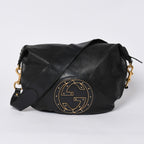 Gucci Bag Double G GG Logo Leather Black Gold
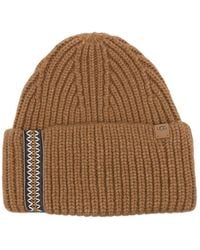 UGG - Ribbed-Knit Embroidered-Trim Beanie Hat - Lyst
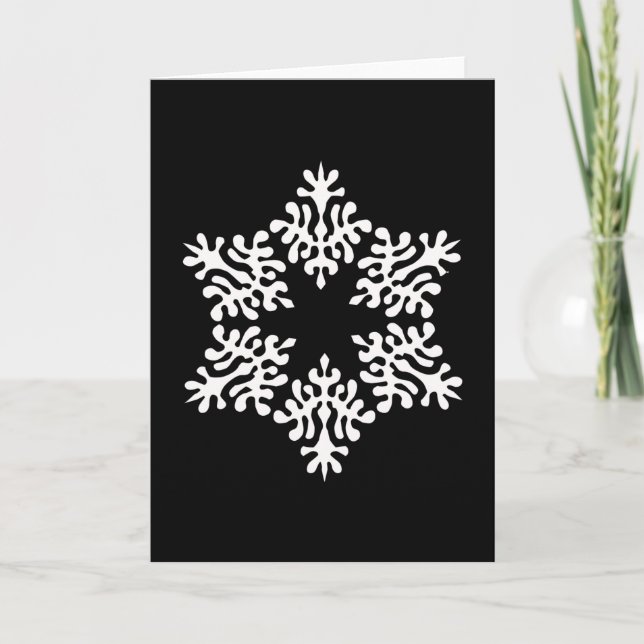 Scandinavian White Christmas Snowflake Holiday Card (Front)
▬▬▬▬▬▬
**Directions:** An exact, word-for-word version of the material is required, free of pictures.

**Response area:**
 Gucci Bag Double G GG Logo Leather Black Gold
 UGG - Ribbed-Knit Embroidered-Trim Beanie Hat - Lyst
 Scandinavian White Christmas Snowflake Holiday Card (Front)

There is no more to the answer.